32dots HEIDELBERG AI
Session 3 easy

Power Hermes with your local model

USE 0 - 20 min

Point Hermes at your LM Studio server with two config lines

Hermes is a personal AI assistant you install locally (covered in the Hermes course). It needs a model to think with — by default you point it at a cloud provider, but pointing it at LM Studio instead means Hermes runs entirely on your machine: zero cloud calls, zero per-token cost, full privacy. This lesson is the bridge between the two courses. If you have not installed Hermes yet, do this lesson anyway — the config steps are the same whenever you are ready.

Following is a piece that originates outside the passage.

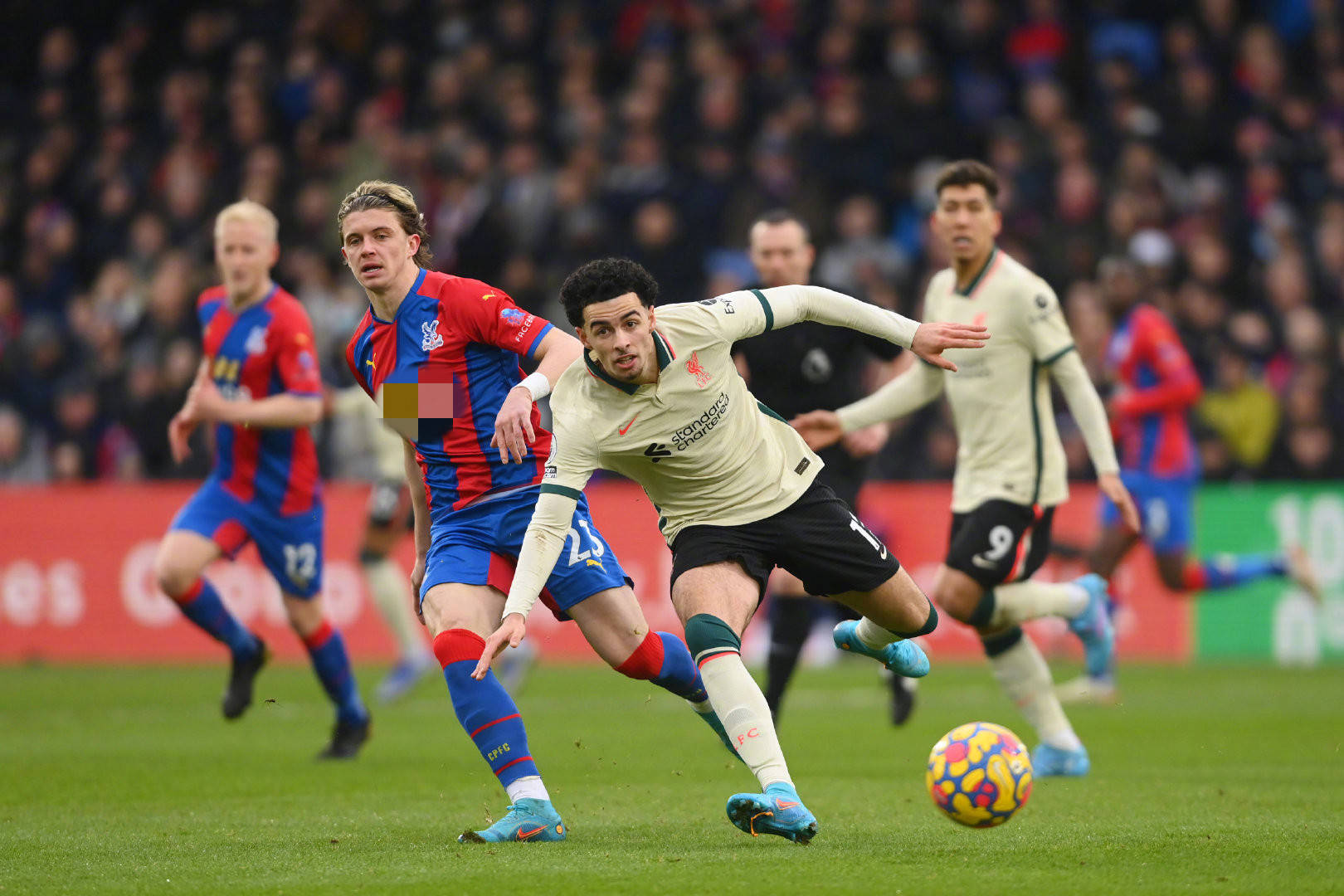 长期面对的 长期面对的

  1. 1 Make sure LM Studio's server is running (Developer tab → Start Server, or lms server start). Check that a model is loaded.
  2. 2 Open ~/.hermes/config.yaml in any text editor. (If the file does not exist, run hermes setup first — see the Hermes course, lesson hermes-00.)
  3. 3 Set these two lines: `yaml provider: custom base_url: "http://localhost:1234/v1" ` Save the file.
  4. 4 Add a placeholder API key — open ~/.hermes/.env and add (or confirm the presence of): ` OPENAI_API_KEY=local ` Local servers ignore the key value; Hermes still needs the variable to be set.
  5. 5 Start Hermes: run hermes --tui in a terminal, or open Hermes Desktop. Type: What model are you running on? — it should identify the LM Studio model you have loaded.
  6. 6 Optional — use a model on another machine on your LAN. Replace localhost with that machine's IP, e.g. base_url: "http://192.168.1.42:1234/v1". LM Studio must be bound to the network interface on that machine (see lesson lmstudio-04).

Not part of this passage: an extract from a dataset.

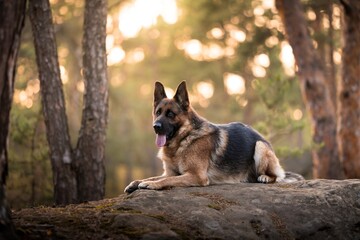 German Shepherd in the forest and playing in the water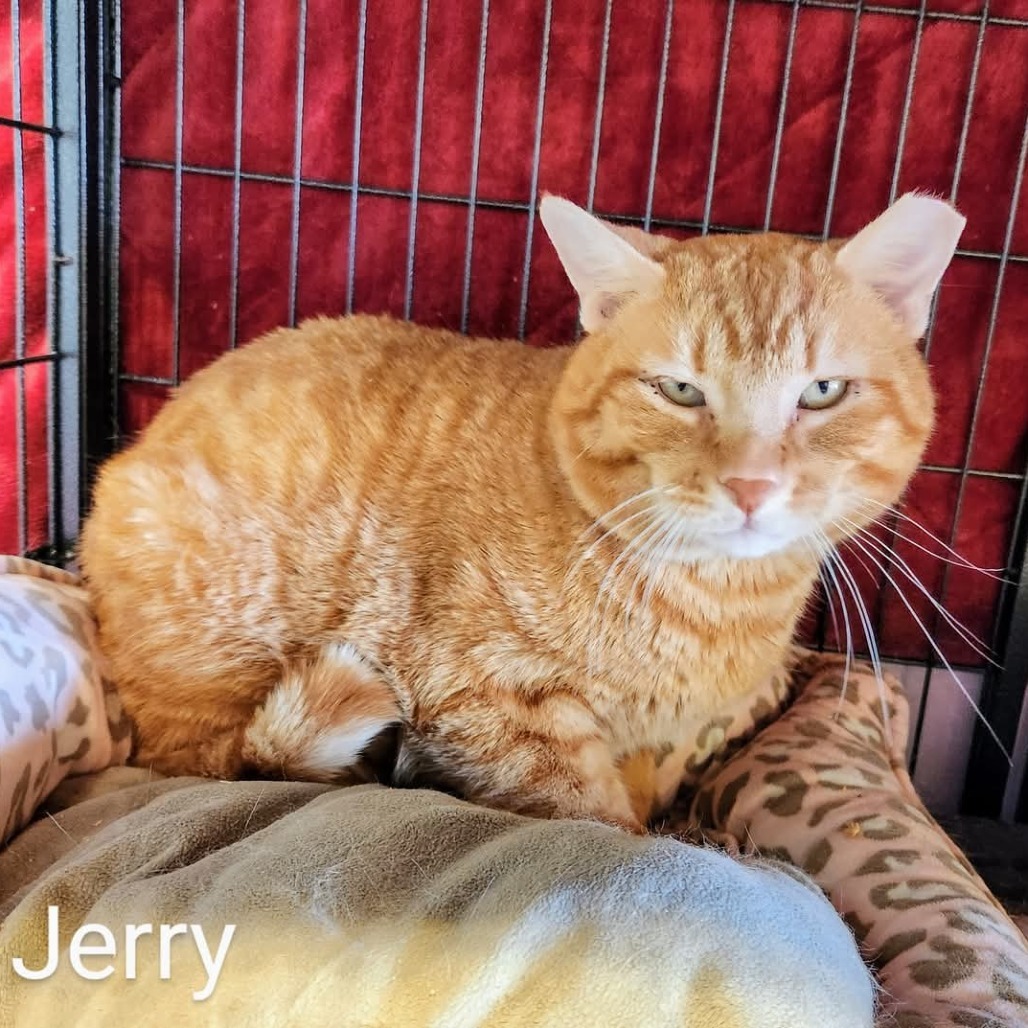 Jerry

Hermes responds from your local LM Studio model. No internet connection is required for the conversation to work.

BUILD 20 - 30 min

Compare local vs cloud Hermes on a real task

Switching between a local and a cloud model in Hermes is a two-line config change. Use that to find where the local model is good enough and where you need the cloud.

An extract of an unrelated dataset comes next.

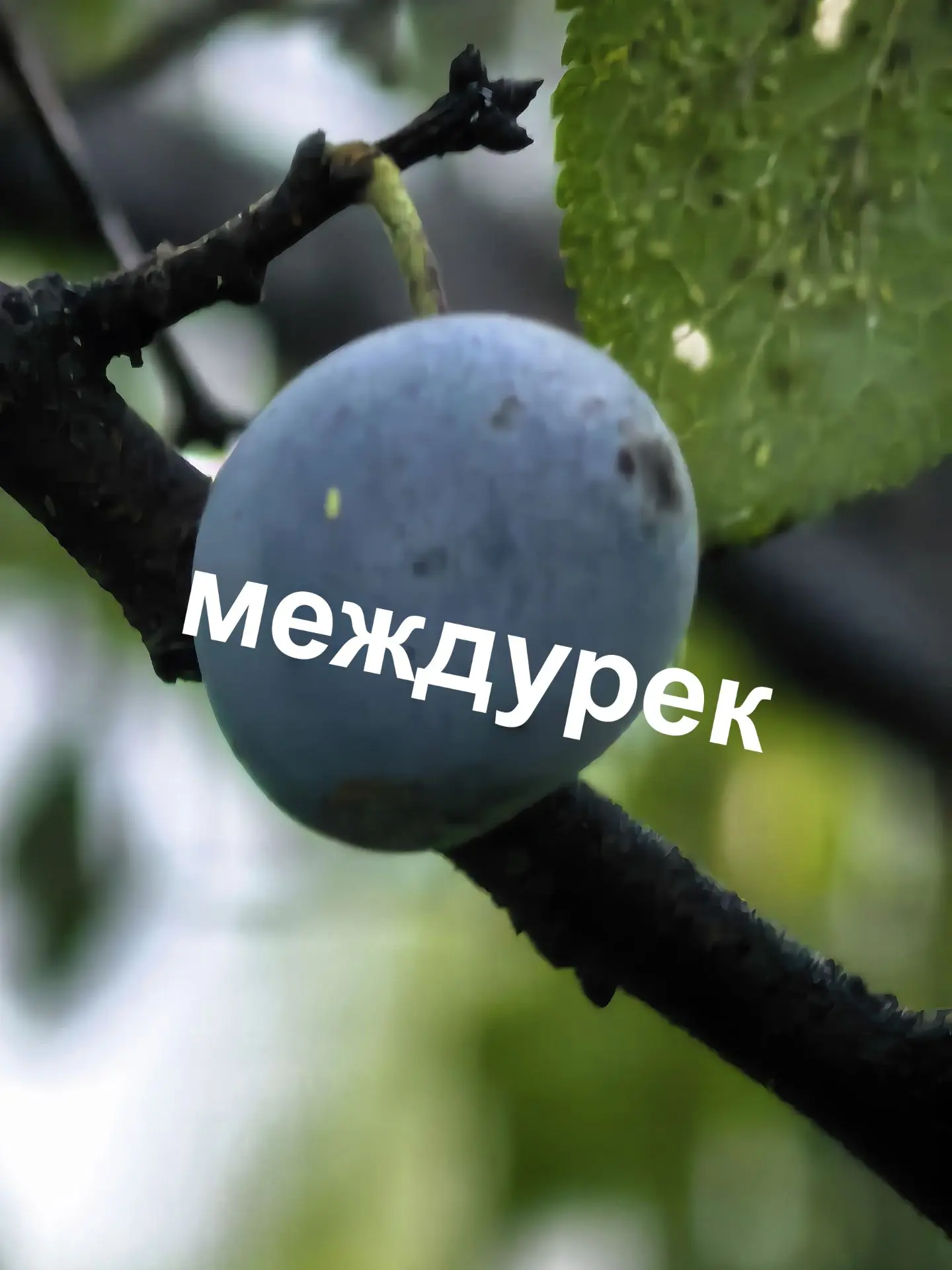 Наши подписчики заметили плодовое дерево, которое, по всем канонам сибирского климата, ...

Run the same Hermes task twice — once with LM Studio, once with a cloud provider — and decide which you would use for each kind of job in your research.

  1. 1 With LM Studio active, give Hermes a research task: Search for recent papers on [your topic] and summarise three key findings.
  2. 2 Switch config.yaml to a cloud provider (anthropic, openai, or openrouter) and repeat the exact same task.
  3. 3 Compare quality, speed, and what left your machine.
  4. 4 Write a one-sentence rule for your own use: 'I will use local for X and cloud for Y.'
Deliverable

Both outputs side by side and your one-sentence local-vs-cloud rule.